Left to right: Jeanette Rice (moderator), principal, Rice Consulting. Mike Gately, managing director, research group, Cornerstone Real Estate Advisers. Jack Kern, chief investment research officer, Continental Realty Advisors. Mike Sobolik, regional director of research, North America, INVESCO Real Estate.

Low long-term vacancy rates, strong rent growth over the last 10 years and a heightened demographic demand are three of the main drivers behind institutional hunger for apartments, says Michael Gately, managing director, research group, Cornerstone Real Estate Advisers.
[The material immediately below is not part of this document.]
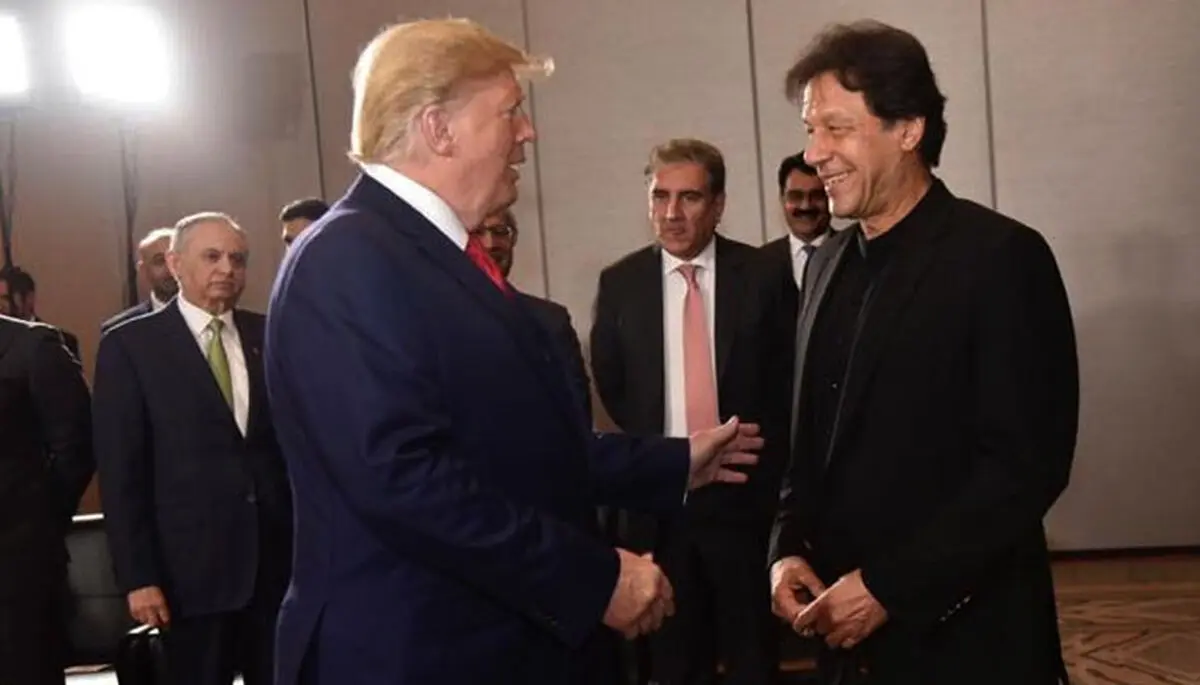 درخواست ترامپ از عمران‌خان برای میانجیگری پاکستان میان ایران و عربستان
“Apartments have recovered faster than other sectors. We continue to attract capital, and that reflects in current pricing, where core assets in major markets are bidding up more than they were pre-recession,” Gately says. “In some secondary markets we are seeing prices higher than replacement costs, which is a little bit concerning, though good news for sellers.”

Gately points out that the demand for apartments will only increase due to the unprecedented pullback in construction activity that occurred as a result of the recession. The supply constraint is only bolstered when you factor in the age of the national apartment stock, with 78 percent of units built prior to 1990, and two thirds built before 1980. New trends in urban living favor state-of-the-art assets, and chronically under-housed cities like New York, Boston and San Francisco (where 50 to 70 percent of the population rents) will have an easy time landing money for the newest Class A urban core products.

“There is always a premium for the newest and the best,” Gately says. “The obsolescence factor is something you can’t underestimate when you are on the leading wave.”

Though the market fundamentals remain more than solid for apartments, Gately adds that there are near term speed bumps in some markets that institutional capital is keeping an eye on. One example is the fact that the first wave of high-end high-rise development is already seeing some reluctance as rent growth slows down. (Check back with MHN Online tomorrow for data-driven coverage on the strongest and weakest apartment markets across the county.)

Mike Sobolik, regional director of research, North America at INVESCO Real Estate, adds that institutional investors are looking for—and are willing to pay for—a long term trophy hold. Long term demographic drivers certainly suggest that multifamily will be firing on all cylinders for some time.

“Institutional capital is looking at the industry on the long term, and they want the high quality core located assets,” Sobolik says. “But if you want the high-quality core located asset, you are going to pay up for it. That is what is driving the cap rates so low for the urban Class A assets.”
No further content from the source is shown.